Yes, that will work.

hmmm but I think I would need to pass to the optimizer the weights of the trainable net, right? Otherwise who knows what would happen…does it matter if the params of the placeholder net are trainable or not? I assume not since they would be substituted by a trainable param (i.e. the combination of one trianable and another non trainable makes the resulting trainable).

do we really need the del command? this seems rather innefficient…or is it? What do u recommend to make this code efficient?
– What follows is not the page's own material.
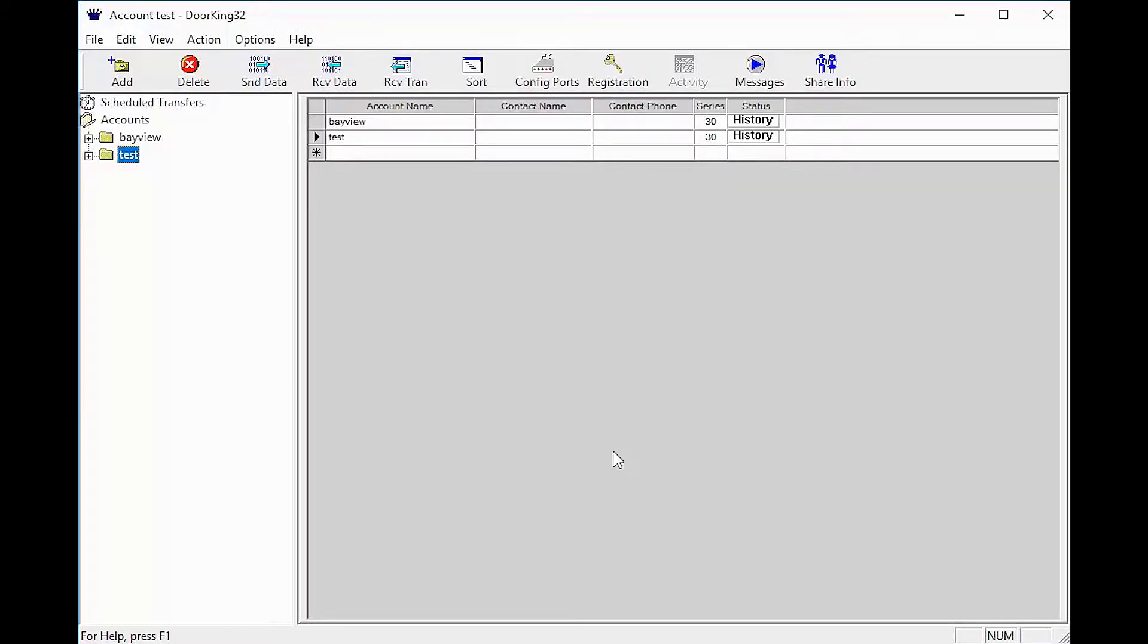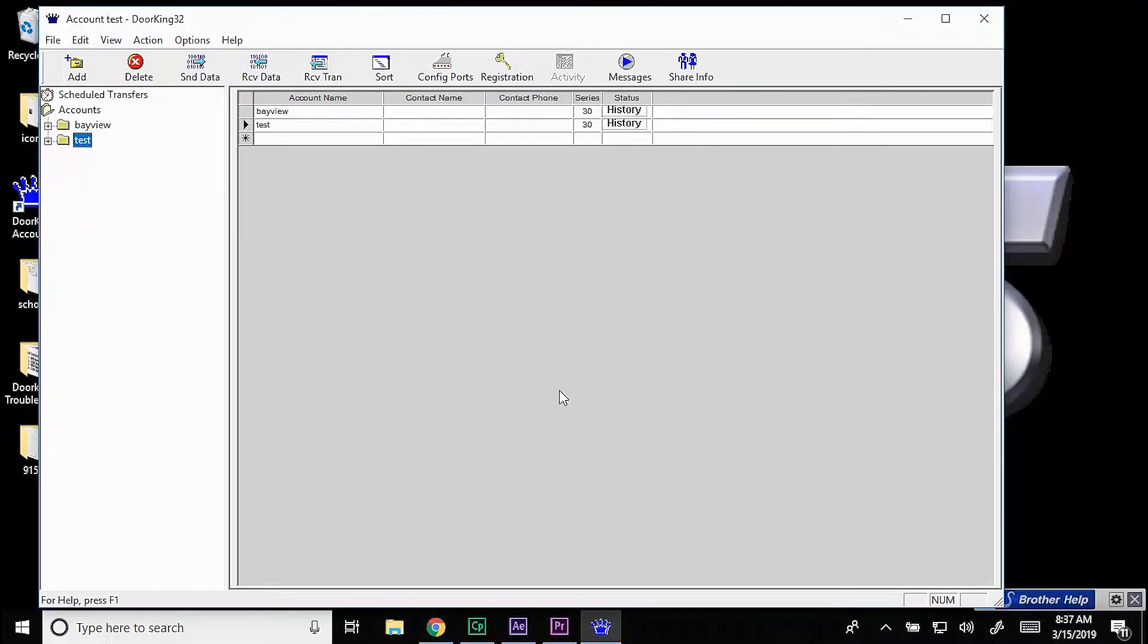So the time has changed due to daylight savings and your open times and schedules are no longer correct. To fix this,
I guess I was worried that if the original weights were non trianable that putting W_trainable + W_non_trainable would become non trainable…but the del would actually delete the old instance/object so that the requires_grad is set to True.

how do you implement that code you suggested if what I have is the string name of the layer conv0?

perhaps:

setattr(self,f'bn2D_conv{i}',bn)

Use delattr instead of del then

do I really need to delete it before using setattr?
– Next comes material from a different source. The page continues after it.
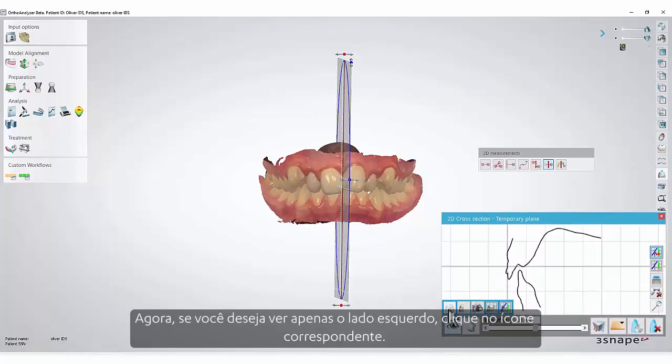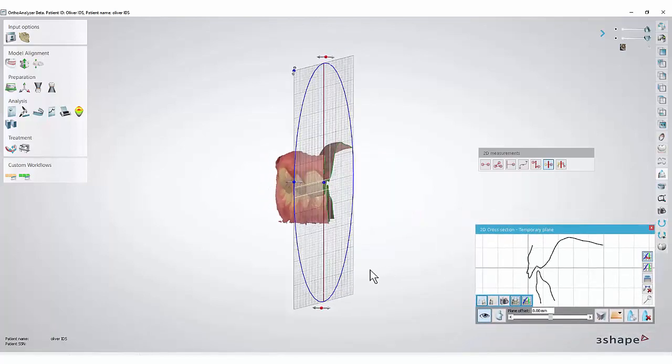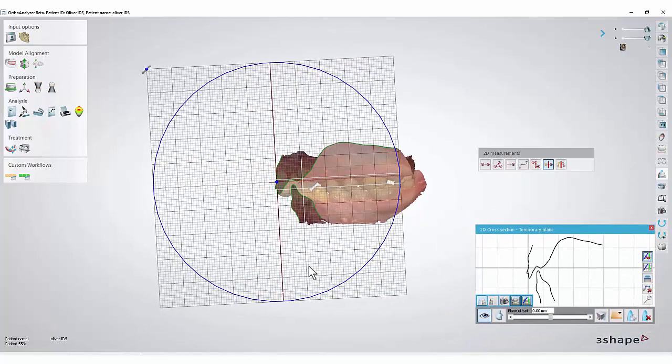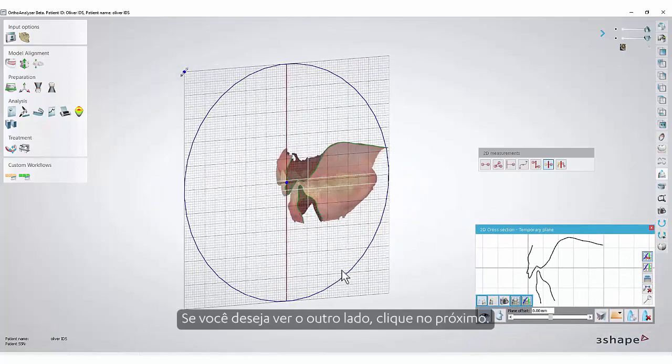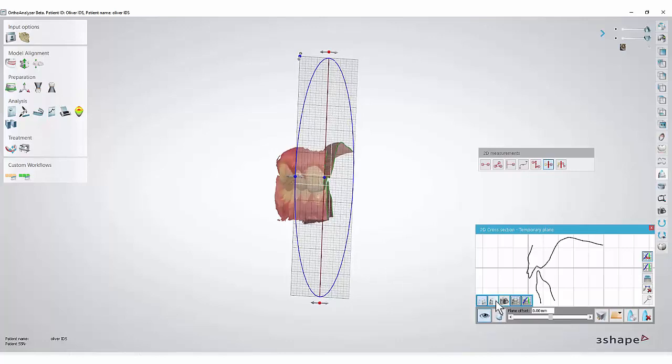Now, if you wish to see only the left side, click the corresponding icon. If you wish to see the other side, click the next one.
oh no now I can’t because the attributed is ‘conv0.weight’ XD can’t find it…

Do we actually need to delete the attribute though? what goes wrong if I don’t?
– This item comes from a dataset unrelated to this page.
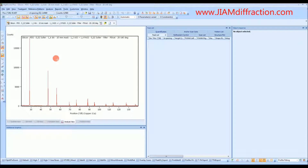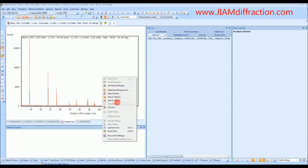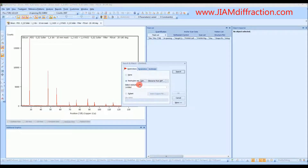Here we have a very nice looking diffraction pattern, and because it's so nice and because we know that there's just silicon in it, I will skip the first two steps covered in the phase identification video — namely background determination and peak searching — because it's really not necessary in this case. So I will just right-click, search match, and edit the restriction set.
Isn’t what we really need to make sure is right that the right variables are inserted in the computation tree for backwards computations to be done right, correct? Can’t be this achieved with setting placeholder net to eval and so the non-trainable net?

The placeholder net is only needed so that forward computation to be done right because it holds the combination.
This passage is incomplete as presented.